Given data:

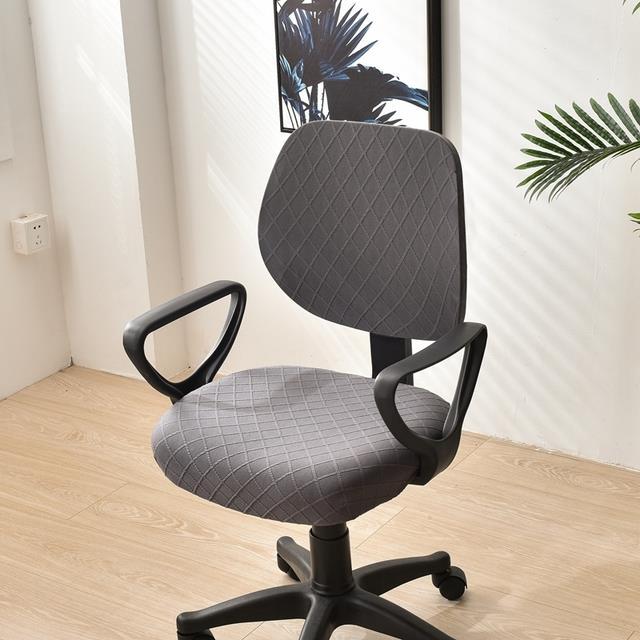 lz-universal-office-chair-cover-elastic-cadeira-girat-ria-covers-poltronas-de-computador-slipcover-spandex-jacquard-seat-case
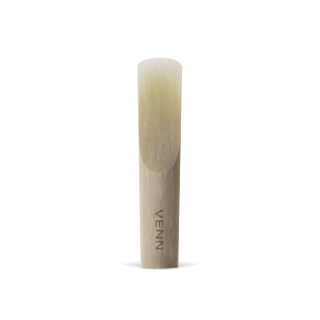 Venn by D'addario Tenor Saxophone Reed (1)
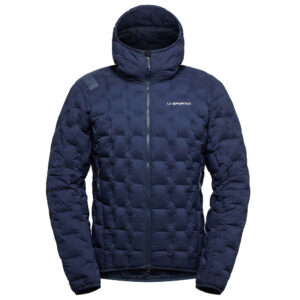 La Sportiva - Bunda OPRY STRETCH INSULATED JKT Men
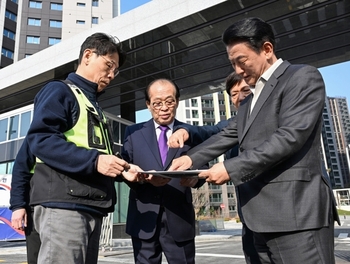 메인사진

Task goal: In the data above, find the line with "La Sportiva - Bunda" and repeat it and every line after it through the end, exactly; leave the pictures out.

Answer section:
 La Sportiva - Bunda OPRY STRETCH INSULATED JKT Men
 메인사진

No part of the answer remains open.